Returning via London in 1885 he was evidently impressed by Toynbee House, which began in Commercial Street, Whitechapel, in 1883/4, with the aim of getting university graduates to undertake social work in deprived areas. On returning to New York he founded the Neighborhood Guild, now known as the University Settlement House, in New York City's Lower East Side. He later (1891) wrote Neighbourhood Guilds: An Instrument of Social Reform.
London must have had a great impression on him since he soon returned, to open a Neighbourhood Guild in Kentish Town, and he remained for the rest of his life (marrying in 1898 and taking British citizenship in 1903).
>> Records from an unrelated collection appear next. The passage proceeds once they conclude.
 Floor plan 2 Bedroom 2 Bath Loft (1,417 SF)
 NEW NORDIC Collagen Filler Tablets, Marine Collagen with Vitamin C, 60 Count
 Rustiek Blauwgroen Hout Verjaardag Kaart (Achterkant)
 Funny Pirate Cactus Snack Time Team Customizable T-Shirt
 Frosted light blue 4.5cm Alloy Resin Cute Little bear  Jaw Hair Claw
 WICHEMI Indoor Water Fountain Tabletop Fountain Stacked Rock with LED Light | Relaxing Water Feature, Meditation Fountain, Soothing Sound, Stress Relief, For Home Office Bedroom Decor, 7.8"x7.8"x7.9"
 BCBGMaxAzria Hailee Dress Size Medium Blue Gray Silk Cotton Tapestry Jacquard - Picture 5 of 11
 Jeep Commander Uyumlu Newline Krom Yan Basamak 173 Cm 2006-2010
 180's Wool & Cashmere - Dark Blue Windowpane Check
After his naturalisation he joined the Independent Labour Party and stood as a candidate for Wakefield in elections in 1906 and 1910.
In 1888 [some sources imply 1885] he was recommended by Moncure Conway, who was returning to America, to succeed him as minister of the South Place Religious Society, and it was at this time that its name was changed to South Place Ethical Society. He served in this role until 1891/2 when Conway returned.
Coit and F. J. Gould met at a lecture in March 1889 on the Moral Instruction (La Morale Laïque) in French Primary Schools. He assisted Gould in setting up an East London Ethical Society in 1890 at a dancing saloon by Mile End Road, which in 1894 moved to a corrugated iron hall in Libra Road, Old Ford.
In 1894 Coit founded his own West London Ethical Society, set up a Moral Instruction League and began a journal The Ethical World. In 1909 the West London group purchased an old Methodist chapel in the Queen's Road, Bayswater, renaming it the Ethical Church. They embellished it with stained glass windows depicting Elizabeth Fry, Bernard Shaw and Saint Joan, and in 1923 a white column dedicated to their Platonic Ideals.
Gould describes him in his 1923 autobiography: "Coit was a fair-haired American from Ohio, and he preached an admirable Humanist gospel in a happy alternation of smiles and hurricanes. At Bayswater, West London, he still flies the Ethical Church flag, and continues to exercise a breezy and hygienic influence on religious and social thought." Ian MacKillop similarly notes: "In youth Coit was red-headed and of fiery temperament, which he retained in later years. He is vividly described in a novel, The Prophet's Wife (1929) by R. O. Prowse, a member of the Ethical Church." [Dictionary of National Biography]
In 1896 Coit and Gould helped to found a Union of Ethical Societies, which was the forerunner of the present British Humanist Association. Coit was editor of the International Journal of Ethics 1893-1905, and compiled The Message of Man: A Book of Ethical Scriptures (1902), an Ethical Hymn Book (1905), Responsive Services (1911), and Social Worship (1913), and wrote translations of Gizycki's works on ethics. He retired as leader of the Ethical Movement in 1935 to be succeeded by Harold Blackham, and spent his last years at Birling Gap, near Eastbourne.